The manipulation and characterization of patterned surfaces: I. Oriented nanoscale porous materials II. Drop mobility on surfaces with patterned wettability
This thesis describes research in the control over long-range order and orientation of porous nanoscale materials and liquid mobility on surfaces with patterned chemistry and topography. A variety of researches will cover the topics ranging from preparation of ordered block copolymers and anodized aluminum oxides, and dynamic wettability on chemically patterned wafers with or without topography.
The structure evolution of BCP thin films exposed with binary solvent mixture vapors at different temperatures will be investigated by scanning force microscopy and grazing incidence small angle X-ray scattering. The swollen thin films will undergo typical phase separation depending on thickness, temperature, and exposure time, which will determine the morphology of the resulting porous templates.
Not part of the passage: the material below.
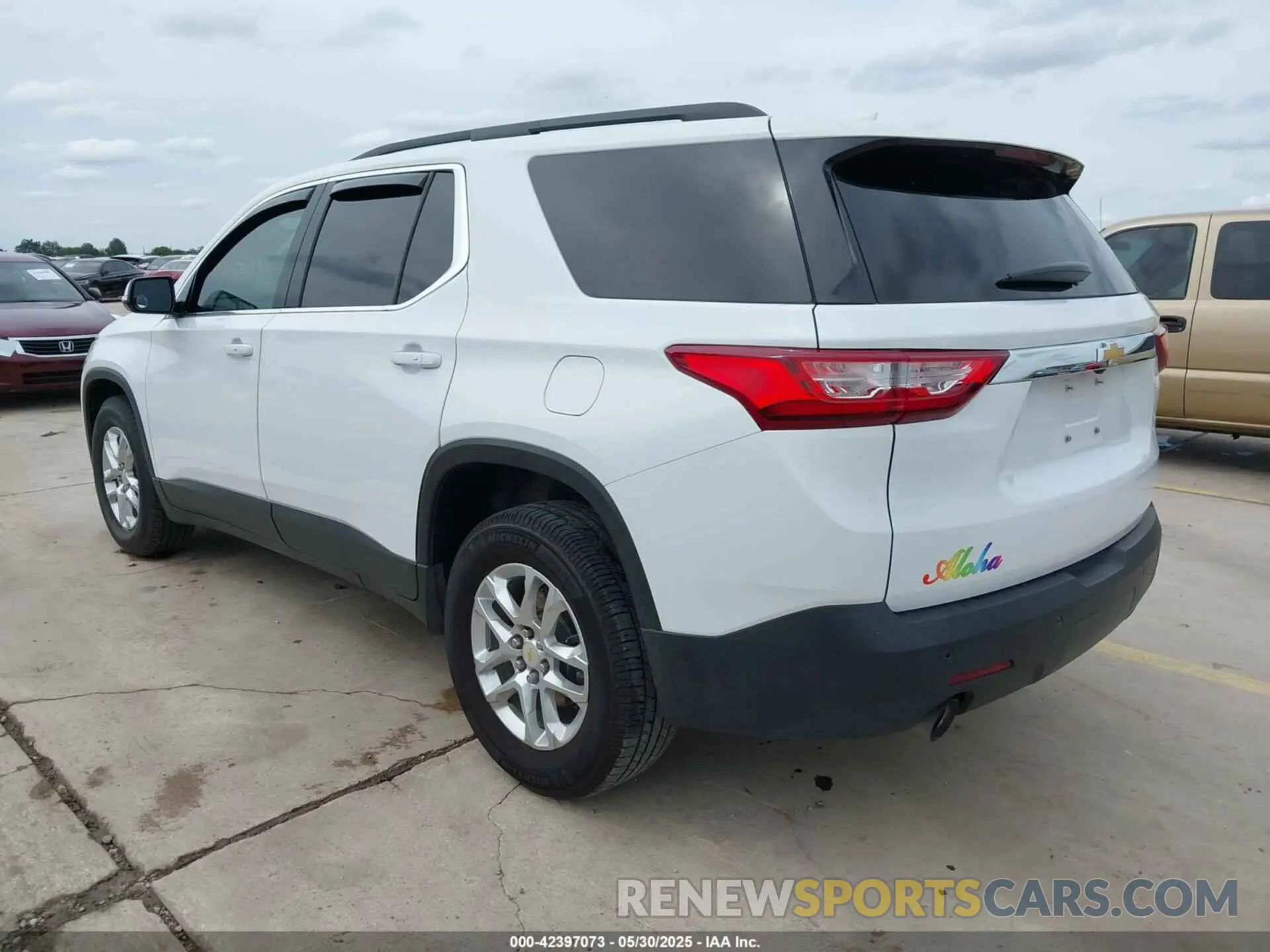 3 Photograph of a damaged car 1GNERGKW9KJ296145 CHEVROLET TRAVERSE 2019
A new approach for preparing ordered nanoporous AAO will be demonstrated using the pattern transfer of BCP structures to the surface of aluminum. By solvent annealing the BCP films in solvent vapor, arrays of cylindrical microdomains with a high degree of lateral order will be produced. Using reactive ion etching, the template of the nanoporous film will be transferred to the Al surface and the subsequent anodization in a concentrated acid solution will generate channels with the center-to-center distance and lateral order of the BCP film.
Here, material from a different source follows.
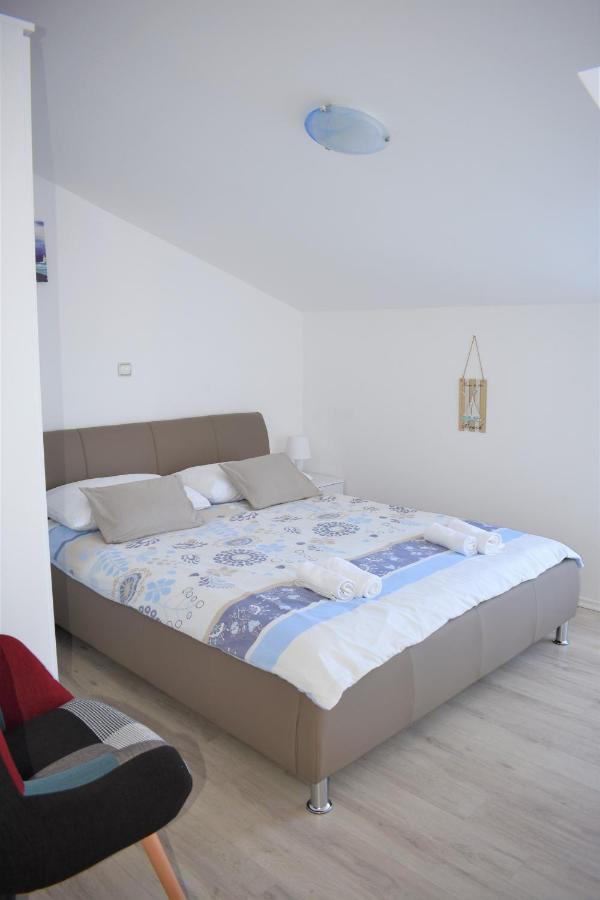 Apartments Janja มูร์แตร์ ภายนอก รูปภาพ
A study of drop mobility on a surface with patterned wettability will be the final topic in the thesis. Silane chemistry, selective etching, and microcontact printing will be used to prepare designs on chemically patterned wafers with topography. The samples will have two different areas; one on which a liquid drop will move easily and another that will restrict its motion. Dynamic contact angle measurements will then be performed on the surfaces to determine the effect on drop mobility. The objective is to show that both contact angle and contact angle hysteresis are important in regards to drop mobility. The growth of condensed water droplets on these surfaces will be viewed and recorded.